ASSIGNMENT: Everything in the listing below should be written out again exactly, except the pictures.

EXERCISE DATA:

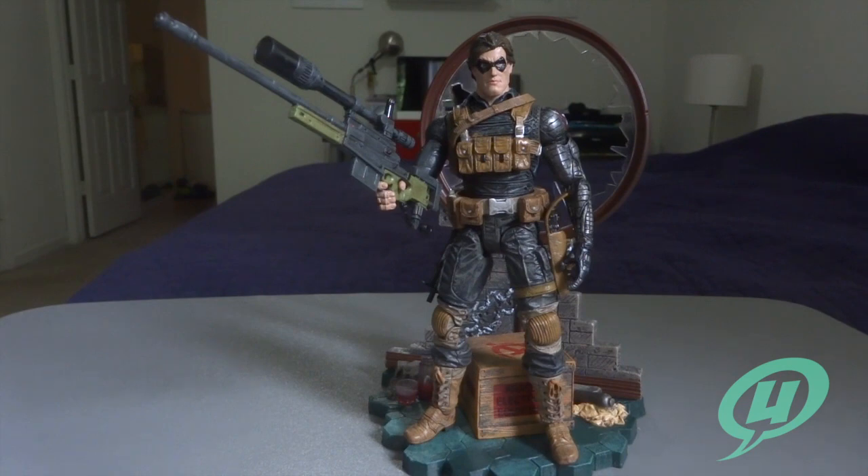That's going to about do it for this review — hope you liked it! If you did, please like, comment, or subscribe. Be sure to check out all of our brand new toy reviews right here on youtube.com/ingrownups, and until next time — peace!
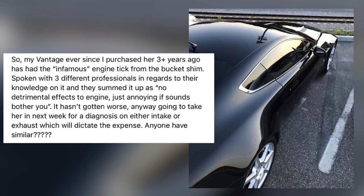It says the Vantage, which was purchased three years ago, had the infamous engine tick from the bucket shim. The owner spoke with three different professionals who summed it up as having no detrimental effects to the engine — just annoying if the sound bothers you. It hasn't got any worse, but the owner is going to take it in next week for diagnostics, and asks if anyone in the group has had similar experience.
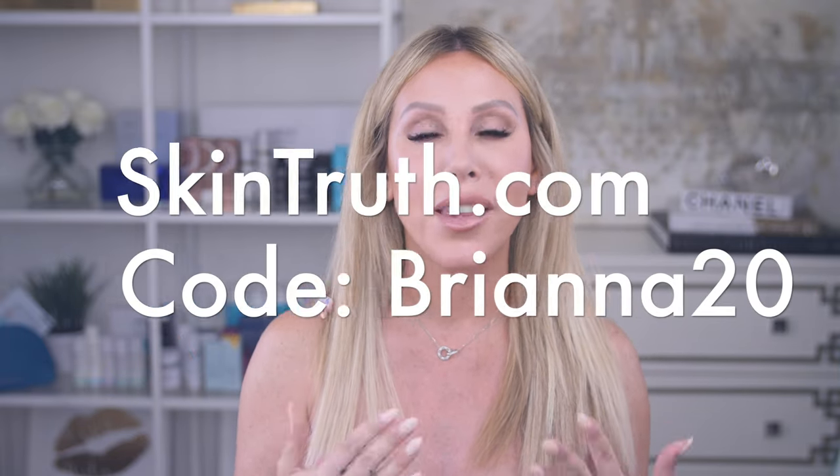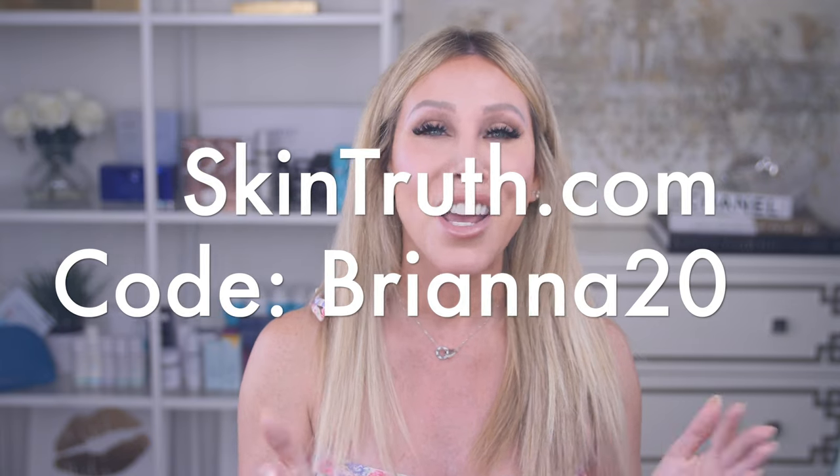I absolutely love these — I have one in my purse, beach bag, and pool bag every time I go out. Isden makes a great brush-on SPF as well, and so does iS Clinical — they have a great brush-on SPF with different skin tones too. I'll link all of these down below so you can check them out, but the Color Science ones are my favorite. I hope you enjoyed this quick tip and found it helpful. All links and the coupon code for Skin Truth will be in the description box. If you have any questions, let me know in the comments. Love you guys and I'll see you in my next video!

TASK RESULT:
That's going to about do it for this review — hope you liked it! If you did, please like, comment, or subscribe. Be sure to check out all of our brand new toy reviews right here on youtube.com/ingrownups, and until next time — peace!
It says the Vantage, which was purchased three years ago, had the infamous engine tick from the bucket shim. The owner spoke with three different professionals who summed it up as having no detrimental effects to the engine — just annoying if the sound bothers you. It hasn't got any worse, but the owner is going to take it in next week for diagnostics, and asks if anyone in the group has had similar experience.
I absolutely love these — I have one in my purse, beach bag, and pool bag every time I go out. Isden makes a great brush-on SPF as well, and so does iS Clinical — they have a great brush-on SPF with different skin tones too. I'll link all of these down below so you can check them out, but the Color Science ones are my favorite. I hope you enjoyed this quick tip and found it helpful. All links and the coupon code for Skin Truth will be in the description box. If you have any questions, let me know in the comments. Love you guys and I'll see you in my next video!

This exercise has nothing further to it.